December 4, 2023

The 70s 80s 90s Blog

Three Decades of History with TV historian Tony McMahon

When Thatcher caved in to the miners

4 min read
In 1981, Conservative Prime Minister Margaret Thatcher caved into the miners but was simply biding her time for a future showdown
Thatcher miners
Miners and Maggie
In 1981, the miners won – but not in 1985

The Lady was not for Turning – except when it came to the miners in 1981. Everybody remembers the defeat of the miners strike in 1985 after a year long battle between the government and mining workers. But four years before, Thatcher had caved in to the National Union of Mineworkers because she wasn’t quite ready for that fight. It was in effect a U-turn and an embarrassing early climbdown to union power. But, the Prime Minister was choosing her battles carefully and that year saw Britain mired in recession and the inner cities exploding into an orgy of rioting. So – taking on the NUM could wait.

That said, it was a pretty comprehensive retreat for the government. NUM demands to reduce the imports of foreign coal and to reinstate £300m of subsidies to the government controlled National Coal Board (NCB) were agreed. This move by Thatcher flew in the face of the 1980 Coal Industry Act, which was in part intended to put limits on the amount of money that could be borrowed by the NCB. But she retained her twin goals in the back of her mind to close pits and crush the NUM.

DISCOVER: Britain in the era of nationalised industries

Nicholas Ridley and the miners

For the Tories, the need to bring the NUM to heel was personal. The union had played a leading role in bringing down the Tory government of Ted Heath in 1974. Under the Labour government of Harold Wilson and James Callaghan that followed, one right-wing Conservative MP close to Thatcher, Nicholas Ridley, worked on a plan to destroy the NUM. It was, in effect, a battle plan. The logistics of a future showdown between a Conservative government and the NUM were mapped out. The Tories would never again blunder into a dispute with the miners but pick their moment very carefully with all contingencies catered for.

That included building up coal stocks, increasing imports, use of non-union lorry drivers, cutting off union funds and creating a riot police capable of tackling a war-like industrial dispute. The only comparable kind of thinking on the other side of the political divide would have been on the revolutionary Marxist Left – groups like the Militant tendency. This was a calculated preparation for class war on a grand scale. There can be little down when you read the Ridley report that Thatcher both anticipated and embraced what any Marxist would have called class war.

But she would wait for her second term in office to press the green button. In the first term of Thatcher’s reign, she still had to strengthen her grip on the party, all the levers of power and the country. After two years of recession by 1981, there was open speculation about a coup from the likes of Michael Heseltine or as The Economist put it, a concerted attempt by the Tory aristocratic old guard to ‘bell the cat’. These were dangerous years for Thatcher. If she had taken on the NUM in 1981, she could very easily have gone the way of Ted Heath.

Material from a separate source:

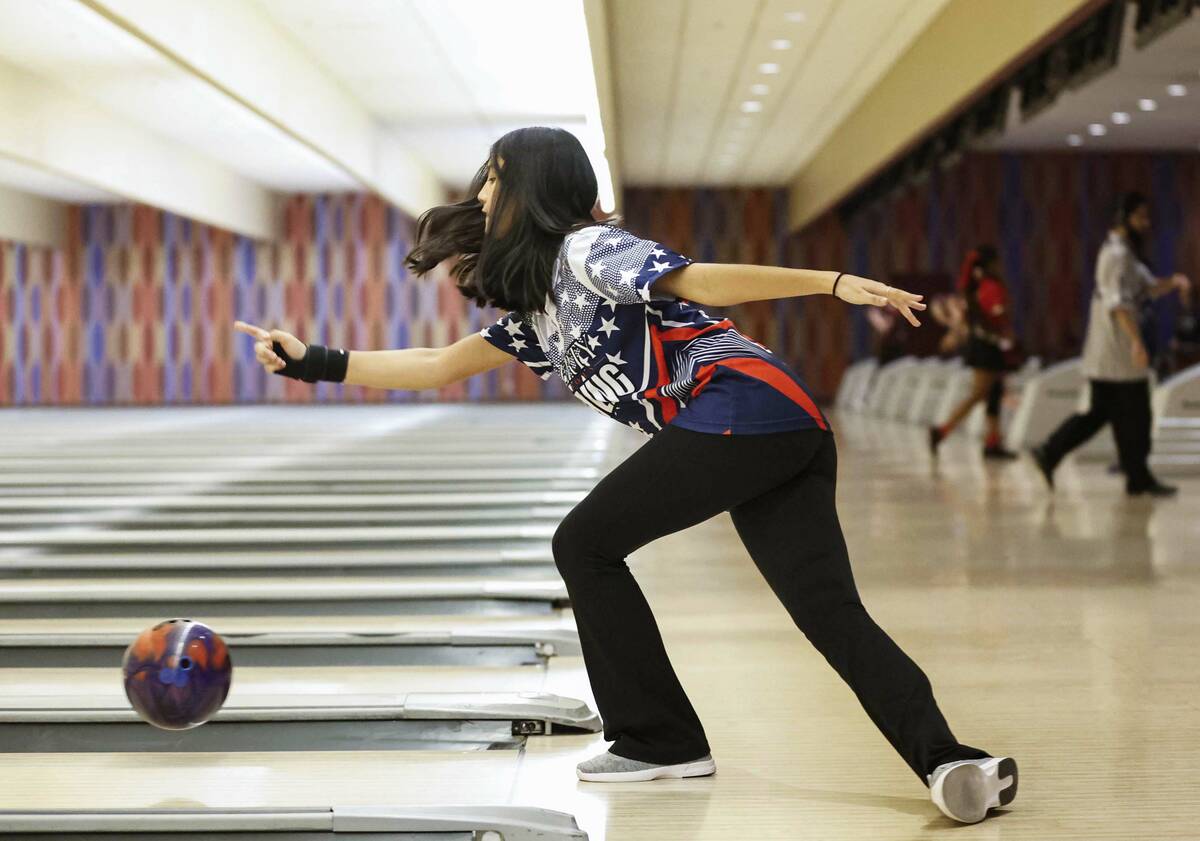 Liberty’s Meleah Carrillo competes in a Class 5A bowling match Friday, Jan. 9, 2026 at t ...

Joe Gormley to Arthur Scargill

The NUM in 1981 was led by Joe Gormley, a wily old fox. He’d started out as a militant miner but evolved into a cunning strategist. He used the unions firebrands to scare the government of the day into concessions without unleashing them. The 1974 dispute that brought down Ted Heath left miners as the best paid industrial workers in the UK. Gormley had been able to flex the muscle of the miners so effectively because coal provided most of the energy for British homes and industry at this time. The industrial action by the NUM led to Heath having to declare a Three Day Week in Britain to conserve electricity and coal stocks. I still remember going to the public library one evening as a child and the shelves of books were lit by candles. Yeah…combustible books….naked flames…. Health and safety? Nah, this was the 1970s

In 1974, Gormley presided over a union representing quarter of a million miners. It takes your breath away now. But the mining industry was enormous. And for over a century, jobs in mining had put food in mouths. Many of my Irish relatives in my great-great and great-grandfather’s generation went to work in the mining industries of Scotland, the north-east, and over in the collieries of West Virginia in the United States. One of my cousins, P.F. Gatens, became a leading union activist in West Virginia speaking alongside the legendary organiser Mother Jones in the early 20th century.

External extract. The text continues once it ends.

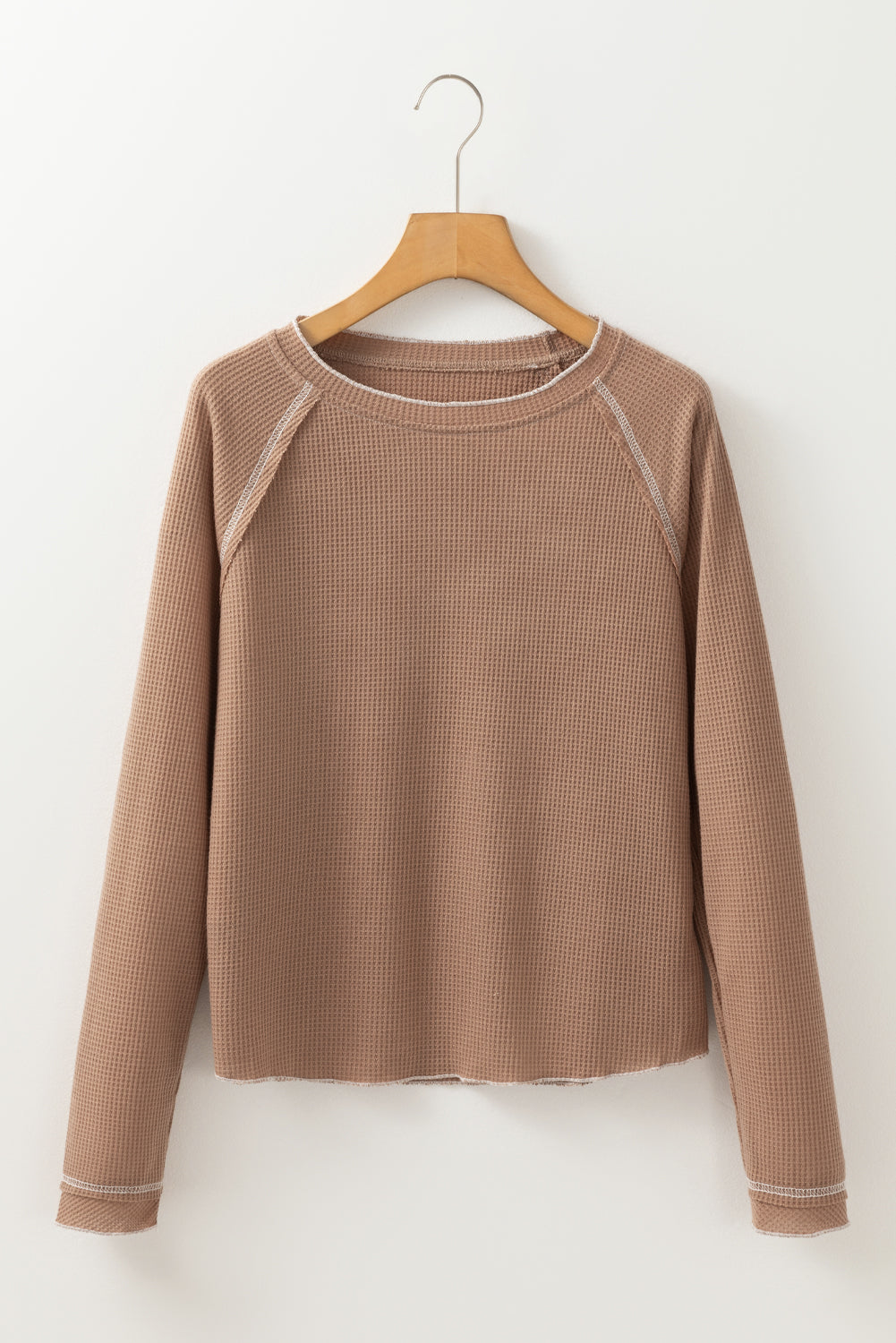 Textured Round-Neck Long-Sleeved Top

Gormley was part of that generation of union leaders who were part of the tripartite system of running industry where government, unions, and bosses met to manage the economy. That system was coming to an end. Thatcher was making that clear by degrees. And on the Left, there was a parallel movement away from the post-war consensus towards the belief that society/capitalism had to be transformed/overthrown. Gormley’s generation would accuse the radical and revolutionary Left of provoking the Tories into ever more draconian measures – but this failed to grasp the underlying ideological commitment of Thatcher and the likes of Nicholas Ridley and Keith Joseph to fundamentally remodel Britain.

The question for them was about power. And who would wield it. To break union power, the NUM had to be smashed. But Ridley counselled the right time and battle conditions – terrain if you want. The conditions were not right in 1981. But they were in 1984.